Honestly Darklove I wouldn't worry about preatorians. As good as they look on paper they'll always be overshadowed by there blood angel equivilent sanguaniry guard. Lack of initiative and only a 3+ save means that even giving preatorians a res Orb wont help them much when 1 or 2 Lemum russ tank blasts are all thats need to wipe them out and even if they do get into combat they will almost always strike last. If you want a good necron Close combat Unit That gives good bang for your buck go with 3 Wraiths with a pair of whip coils and a castor. Resilant (2 wounds and 3++), can cross the field far more safely, more likely to strike first, Strengh 6 rending and 3 base attacks. Sure it has no reanimation but the Whip-coils ability to combo with scarabs and destroyer lords for truely nasty close combat devastation more then makes up for it. If wraith's aren't your thing theres always the Overlords/Necron Lords with shackle scarabs/Weave, Ctan or lychguard. Just dont use Preatorians. to fragile and to expensive

Anyway on topic now Res Orbs in my view are 1 of the best Necron Upgrades not only making the lord more resiliant but also any unit there with more resiliant. However to get the most out of them you need to have the right set up Trust me when I say this a 50% chance to comeback is definatly worth it. Sure you wouldn't stick it on a 5 man squad of warriors or Immortals because they would get swept/Blasted to easily and you wouldn't use it if your tactic was to simply sit back. But in units of 12+ warriors or 10 immortals when equiped with right Overlords and royal court members become mini deathstars and nigh unkillable. 
Phearon with Res Orb, Shackle Scarabs, Phase shifter, a Veil Cryptek with 15 warriors in tow. Tell me you wouldn't fear that coming at you. Or 10 Immortals with the same Phearon but a fully pimped harbinger of the storm and a 2nd Shackle Lord. Would dare assualt that. No because half of the unit would get back up after you lost most of yours trying to do so. The Res Orb also works decently in expensive unit like Destroyers or Lychguard that have a decent shot a survivability if you have a good combination tho I have yet to find the deathstar mix for them. 

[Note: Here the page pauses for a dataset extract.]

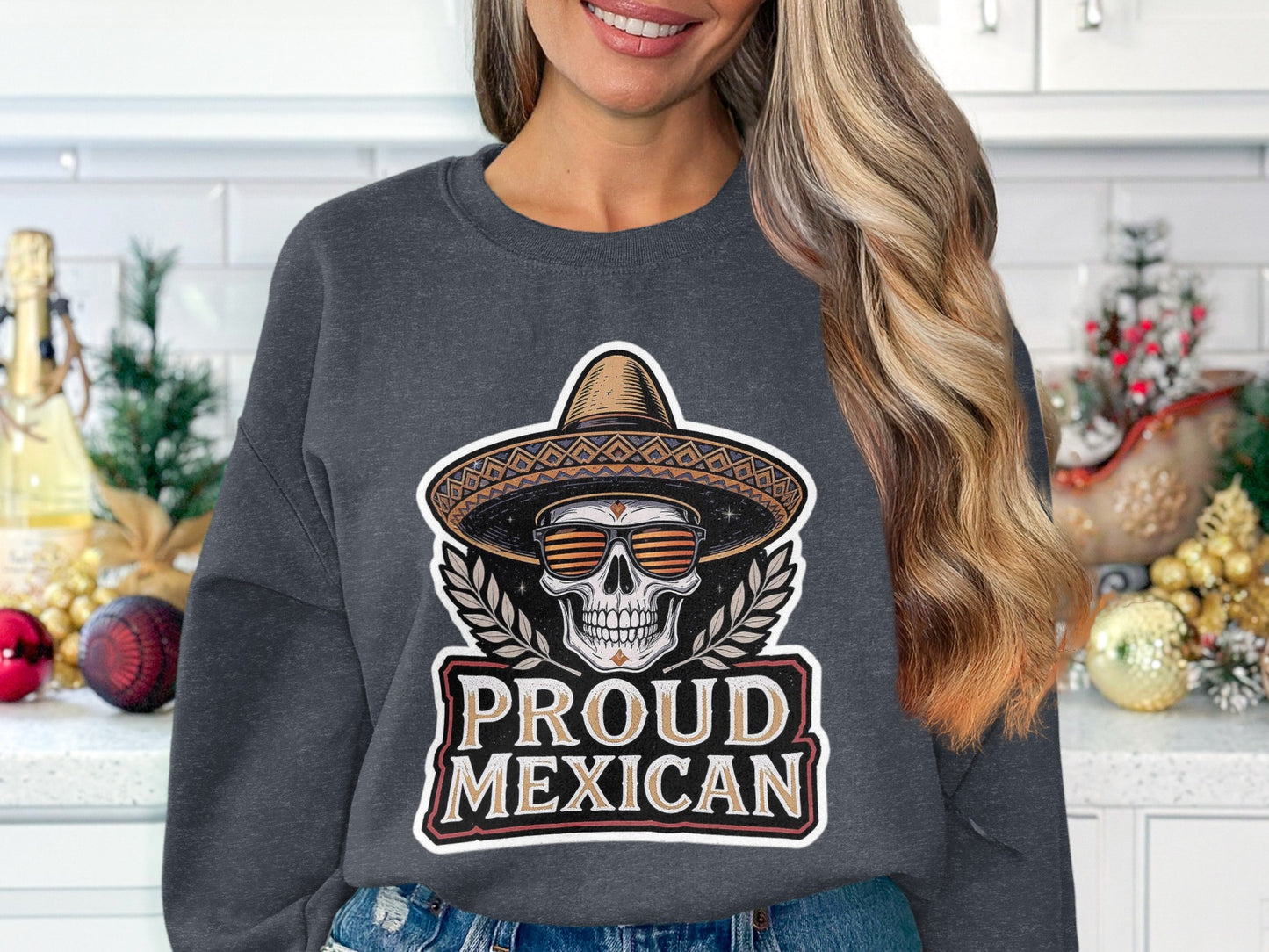 Proud Mexican Skull Design Sweater Clothing product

On a final not Res orbs dont just make your units more resiliant it has a psycological impact on them to. knowing that there shots are going to waste or that unit of 15 warriors wont take a casualty makes them panic or feel disalusioned. at the end of the day Its up to each individual to make up his mind but I've always found them useful and I'll continue using at-least 1 per list until I find something better


----------



## Day2Dan (Sep 30, 2011)

darklove said:


> Lords with Praetorians are a problem though, because the unit loses its mobility advantage. Destroyer Lords are an option to support them, as you point out, but that also means to lose the chance of a second Royal Court. I am yet to be convinced of the uses for Praetorians (although I am hoping to be convinced at some point).


First of all, Destroyer Lords are ridiculously good. Second court is something you would only really utilize at a 1750+ point game, and at the cost of playing double lord and cryptek in units, you are missing out on fielding a lot more bodies or some better heavy support. A Destroyer Lord with Mindshackle Scarabs, Warscythe, and Sempiternal Weave costs 160 and has 4 attacks on the charge at 7 strength, no saves allowed, with reroll to hit anything but vehicles, and 2d6 to pen vehicles. He's got 6 toughness and a 2+ armor save, and one model has at worst a 50% chance of not attacking you and hitting itself. Plus, it can move 12". It's essentially all the benefit of a Monstrous Creature with wings, plus rerolling to hit and Mindshackle. Oh yeah, and it has ever living...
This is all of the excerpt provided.